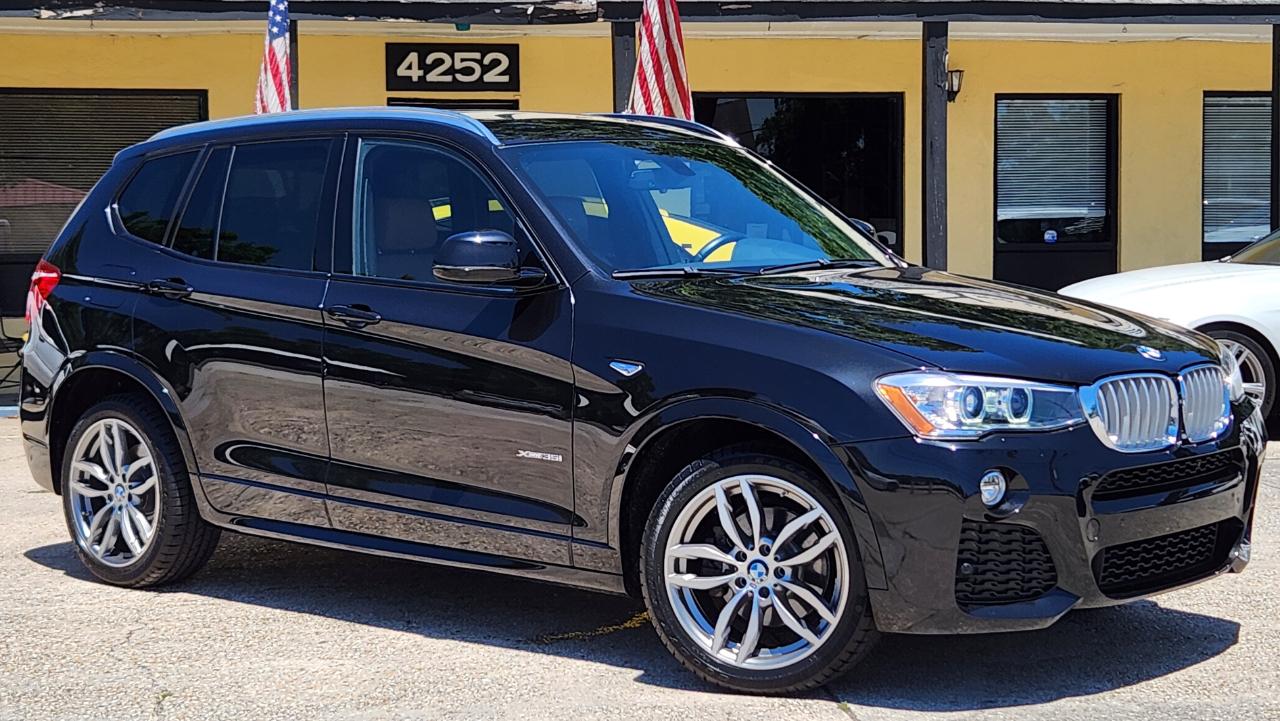 BMW X3  2016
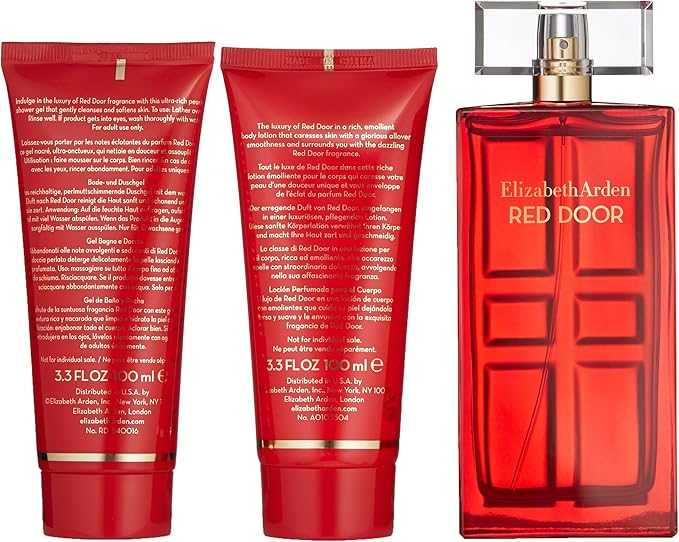 Elizabeth Arden Red Door 100 ml: Amazon.es: Belleza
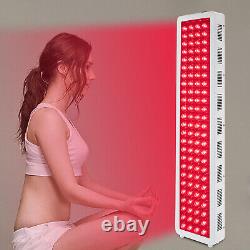 1000W LED Red Light Therapy Near Infrared Light Panel 660nm 850nm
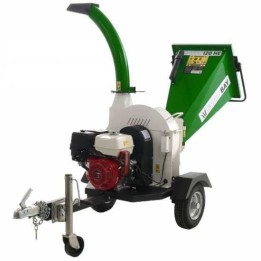 GreenBay GB WDC 120 HE biotriturattori oksille Honda GX390 13 HP 90 mm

▶ [Goal of the exercise]: All of the lines above should be printed exactly, minus the pictures.

▶ [Exercise response]:
 BMW X3  2016
 Elizabeth Arden Red Door 100 ml: Amazon.es: Belleza
 1000W LED Red Light Therapy Near Infrared Light Panel 660nm 850nm
 GreenBay GB WDC 120 HE biotriturattori oksille Honda GX390 13 HP 90 mm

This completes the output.